Pada case diatas maka menimbulkan beberapa pendapat, dimana acuan yang dijadikan referensi hukum ialah Perubahan Peraturan Presiden No 16 Tahun 2018 yaitu Peraturan Presiden No 12 tahun 2021, Peraturan Menteri No 14 Tahun 2020, Surat Edaran Kepala LKPP Republik Indonesia No 1 tahun 2021.
source : instgram lkpp_ri
Pendapat pertama , jika ditinjau dari Peraturan Presiden No 12 tahun 2021 terkait klasifikasi usaha kecil pada Bagian Kesatu tentang peran serta usaha kecil dan koperasi pada Pasal 65 poin 4 (empat) : “ Paket pengadaan barang/pekerjaan konstruksi/jasa lainnya dengan nilai pagu anggaran sampai dengan Rp. 15.000.000.000 (lima belas miliar rupiah) diperuntukkan bagi usaha kecil dan/atau koperasi”

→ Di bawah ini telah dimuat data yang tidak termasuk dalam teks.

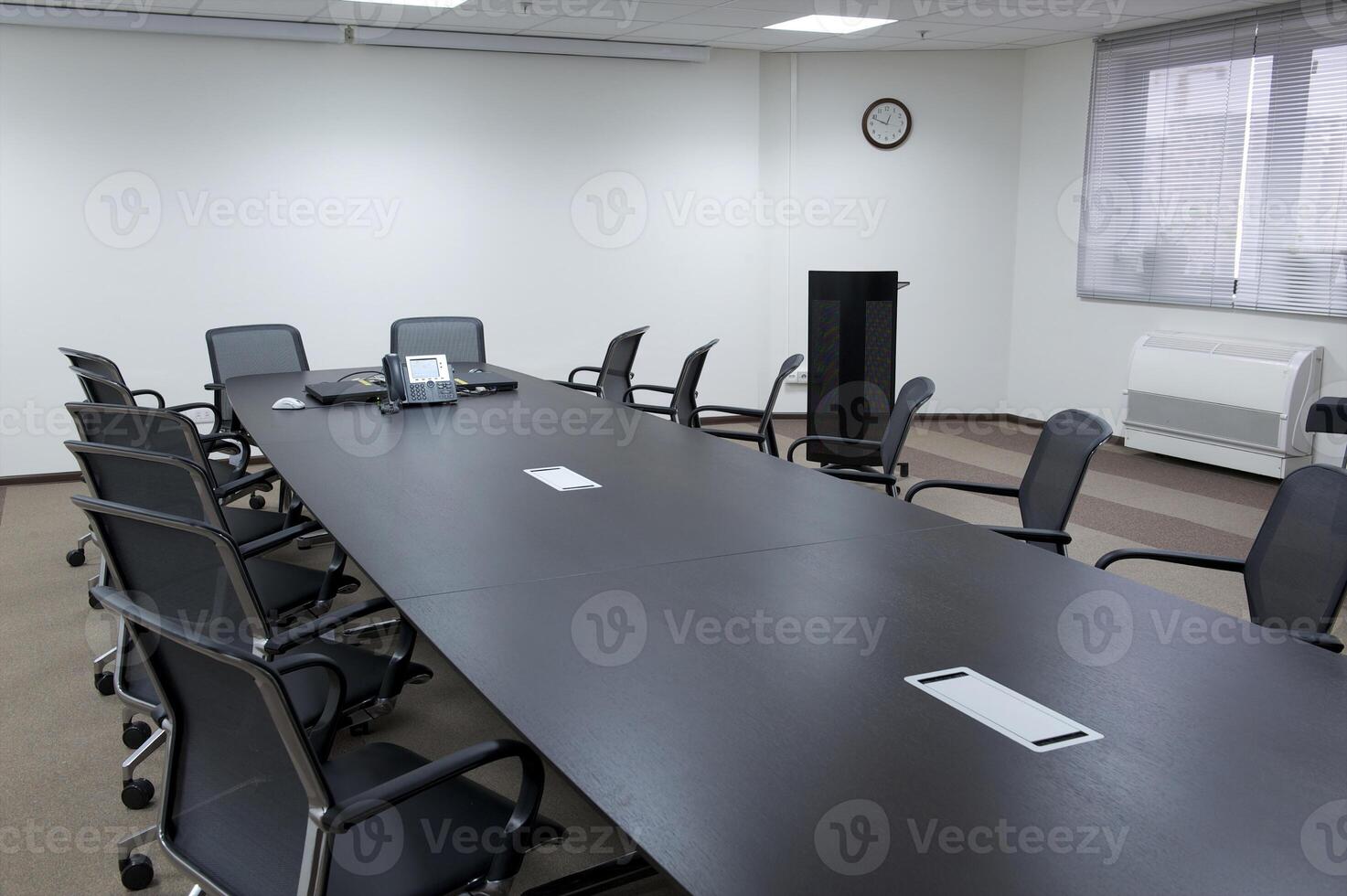 Modern office interior photo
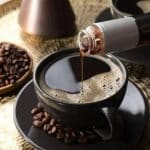آموزش انواع قهوه با سیروپ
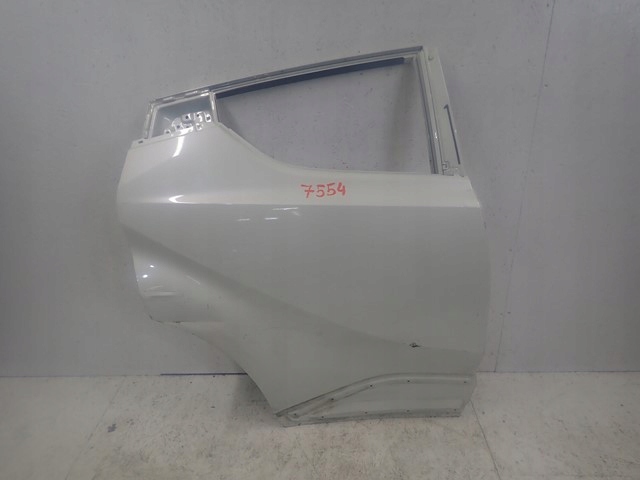 фото №1, Дверь правое задние правый задняя toyota chr ch-r 2016-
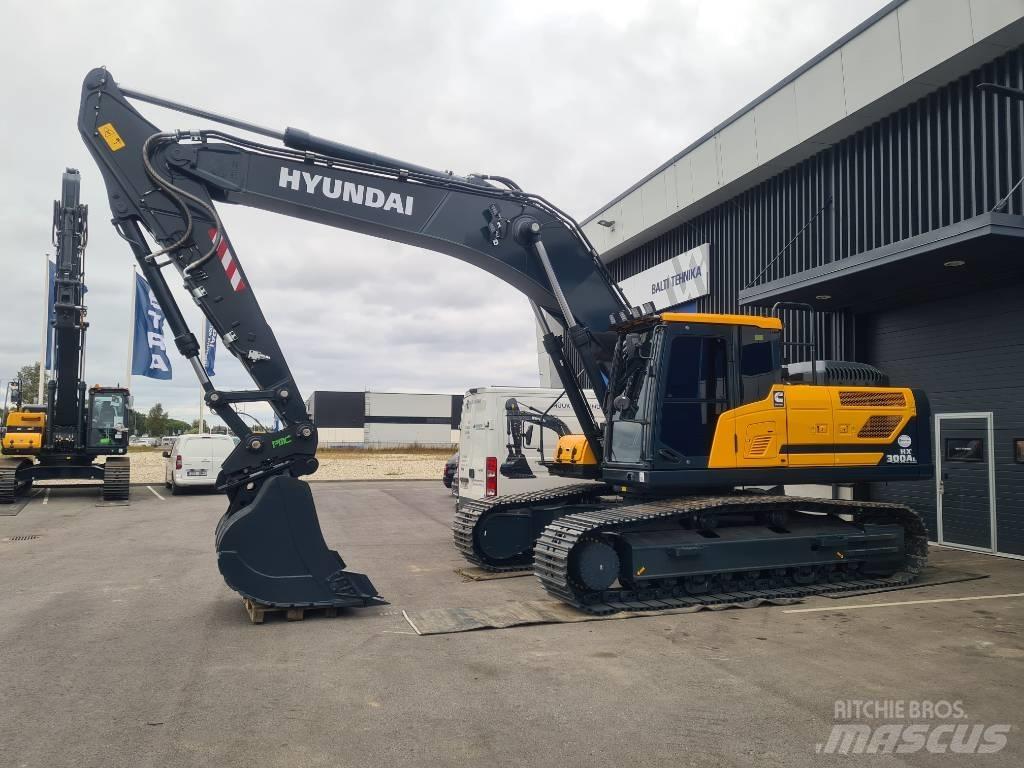 Hyundai HX300AL 履帶式 挖土機/掘鑿機/挖掘機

Dalam hal ini bertentangan dengan Pasal 85 II pada poin 3 huruf a yaitu :
“ 3. Pada saat ini Peraturan Presiden ini mulai berlaku, pengadaan pekerjaan konstruksi / pengadaan jasa konsultansi konstruksi / pekerjaan konstruksi secara terintegrasi tetap dilaksanakan sesuai :
- Peraturan Menteri Pekerjaan Umum dan Perumahan Rakyat nomor 14 tahun 2020 tentang standar dan pedoman pengadaan jasa konstruksi melalui penyedia dan peraturan pelaksana
Sampai diterbitkannya Peraturan Kepala Lembaga LKPP mengenai Pengadaan Pekerjaan Konstruksi / jasa konsultansi konstruksi/ pekerjaan konstruksi secara terintegrasi “
Jadi dapat Disimpulkan pada pendapat pertama bahwa jika “ Pada Pekerjaan Konstruksi dengan nilai HPS lebih 2,5 M (dua setengah milyar) maka tetap mengacu pada Peraturan Menteri No 14 tahun 2020, yaitu tetap pada klasifikasi Usaha Menengah. Sampai terbitnya peraturan Kepala Lembaga”
source : upeks.go.id
Pada pendapat kedua, dalam hal ini menyatakan bahwa dalam hal pengklasifikasian jenis Usaha berpedoman pada Peraturan Presiden No 12 tahun 2021 terkait klasifikasi usaha kecil pada Bagian Kesatu tentang peran serta usaha kecil dan koperasi pada Pasal 65 poin 4 (empat) : “ Paket pengadaan barang/pekerjaan konstruksi/jasa lainnya dengan nilai pagu anggaran sampai dengan Rp. 15.000.000.000 (lima belas miliar rupiah) diperuntukkan bagi usaha kecil dan/atau koperasi”
Sedangkan pada “Segmentasi dokumen pengadaan” mengacu pada Dalam hal ini bertentangan dengan Pasal 85 II pada poin 3 huruf a yaitu :
“ 3. Pada saat ini Peraturan Presiden ini mulai berlaku, pengadaan pekerjaan konstruksi / pengadaan jasa konsultansi konstruksi / pekerjaan konstruksi secara terintegrasi tetap dilaksanakan sesuai :
“ a. Peraturan Menteri Pekerjaan Umum dan Perumahan Rakyat nomor 14 tahun 2020 tentang standar dan pedoman pengadaan jasa konstruksi melalui penyedia dan peraturan pelaksana
Sampai diterbitkannya Peraturan Kepala Lembaga LKPP mengenai Pengadaan Pekerjaan Konstruksi / jasa konsultansi konstruksi/ pekerjaan konstruksi secara terintegrasi “
Jadi dapat disimpulkan bahwa pada pendapat ini pada klasifikasi jenis usaha mengacu pada peraturan presiden No 12 tahun 2021, sedangkan pada dokumen pengadaan mengacu pada peraturan Menteri PUPR No 14 tahun 2020. Berbeda dengan pendapat pertama yang hanya berpedoman pada Peraturan Menteri PUPR No 14 tahun 2020.
Referensi : Peraturan Presiden No 12 tahun 2021, Peraturan Menteri No 14 Tahun 2020, Surat Edaran Kepala LKPP Republik Indonesia No 1 tahun 2021.